● **What the task requires**: Look for "camere" in every line of the listing. Copy the lines that have it.

───── Dataset extract

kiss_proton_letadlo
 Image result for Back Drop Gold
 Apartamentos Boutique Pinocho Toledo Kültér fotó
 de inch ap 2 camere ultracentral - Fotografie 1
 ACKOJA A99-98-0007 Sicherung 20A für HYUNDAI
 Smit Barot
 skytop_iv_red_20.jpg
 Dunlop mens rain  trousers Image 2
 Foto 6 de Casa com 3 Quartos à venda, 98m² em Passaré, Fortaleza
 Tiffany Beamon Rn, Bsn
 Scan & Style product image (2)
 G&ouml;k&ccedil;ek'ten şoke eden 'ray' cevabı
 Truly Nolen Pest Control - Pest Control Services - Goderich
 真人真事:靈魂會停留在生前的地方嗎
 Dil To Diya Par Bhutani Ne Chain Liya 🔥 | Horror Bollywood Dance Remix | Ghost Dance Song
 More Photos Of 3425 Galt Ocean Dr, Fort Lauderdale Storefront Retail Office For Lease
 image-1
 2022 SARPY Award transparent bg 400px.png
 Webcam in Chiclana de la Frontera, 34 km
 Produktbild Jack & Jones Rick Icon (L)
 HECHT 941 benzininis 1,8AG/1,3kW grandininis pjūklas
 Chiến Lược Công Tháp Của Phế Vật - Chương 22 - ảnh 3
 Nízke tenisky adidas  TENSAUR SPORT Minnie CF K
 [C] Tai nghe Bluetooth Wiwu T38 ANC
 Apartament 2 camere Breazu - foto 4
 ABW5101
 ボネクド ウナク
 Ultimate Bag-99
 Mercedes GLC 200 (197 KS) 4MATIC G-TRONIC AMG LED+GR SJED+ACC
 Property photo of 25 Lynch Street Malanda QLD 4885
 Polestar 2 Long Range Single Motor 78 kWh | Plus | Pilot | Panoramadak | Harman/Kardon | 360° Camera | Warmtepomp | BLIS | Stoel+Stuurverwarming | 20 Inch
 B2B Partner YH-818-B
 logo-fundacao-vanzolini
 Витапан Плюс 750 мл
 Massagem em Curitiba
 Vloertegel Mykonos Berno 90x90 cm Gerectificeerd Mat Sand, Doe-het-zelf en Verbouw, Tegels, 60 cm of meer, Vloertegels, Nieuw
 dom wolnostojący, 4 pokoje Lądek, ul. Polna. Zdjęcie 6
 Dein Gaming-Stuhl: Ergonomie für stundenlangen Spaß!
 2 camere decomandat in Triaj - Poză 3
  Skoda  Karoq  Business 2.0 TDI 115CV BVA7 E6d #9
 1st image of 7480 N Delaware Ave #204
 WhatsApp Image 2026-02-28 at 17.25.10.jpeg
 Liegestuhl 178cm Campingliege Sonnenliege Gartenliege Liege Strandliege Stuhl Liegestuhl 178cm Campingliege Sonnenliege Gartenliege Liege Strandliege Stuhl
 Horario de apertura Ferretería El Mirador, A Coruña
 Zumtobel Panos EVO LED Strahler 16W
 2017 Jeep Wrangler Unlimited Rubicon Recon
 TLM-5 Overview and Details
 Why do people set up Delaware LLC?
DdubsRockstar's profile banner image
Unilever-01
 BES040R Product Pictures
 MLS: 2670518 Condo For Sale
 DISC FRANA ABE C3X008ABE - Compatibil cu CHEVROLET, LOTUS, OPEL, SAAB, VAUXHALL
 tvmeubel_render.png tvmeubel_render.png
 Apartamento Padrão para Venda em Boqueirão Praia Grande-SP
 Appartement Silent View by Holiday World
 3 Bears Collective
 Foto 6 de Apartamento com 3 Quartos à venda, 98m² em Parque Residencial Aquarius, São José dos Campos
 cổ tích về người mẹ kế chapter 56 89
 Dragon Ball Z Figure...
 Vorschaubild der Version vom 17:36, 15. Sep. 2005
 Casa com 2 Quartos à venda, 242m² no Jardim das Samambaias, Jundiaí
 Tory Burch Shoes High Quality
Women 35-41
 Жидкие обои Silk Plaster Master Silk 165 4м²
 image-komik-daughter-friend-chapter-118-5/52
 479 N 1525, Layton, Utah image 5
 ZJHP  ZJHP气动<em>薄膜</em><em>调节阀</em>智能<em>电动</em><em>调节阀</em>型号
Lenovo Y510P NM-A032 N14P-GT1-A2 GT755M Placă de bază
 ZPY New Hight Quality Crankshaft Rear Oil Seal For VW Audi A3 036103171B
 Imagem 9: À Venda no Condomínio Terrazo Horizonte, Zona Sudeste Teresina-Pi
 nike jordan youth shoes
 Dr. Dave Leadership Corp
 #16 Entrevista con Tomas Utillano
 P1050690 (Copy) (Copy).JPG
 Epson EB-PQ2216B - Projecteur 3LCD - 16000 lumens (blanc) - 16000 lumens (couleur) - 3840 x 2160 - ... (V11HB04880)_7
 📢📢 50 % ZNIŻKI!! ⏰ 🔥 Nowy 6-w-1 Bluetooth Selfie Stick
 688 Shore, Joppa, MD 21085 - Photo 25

──────────

● **Exercise result**:
 de inch ap 2 camere ultracentral - Fotografie 1
 Apartament 2 camere Breazu - foto 4
 2 camere decomandat in Triaj - Poză 3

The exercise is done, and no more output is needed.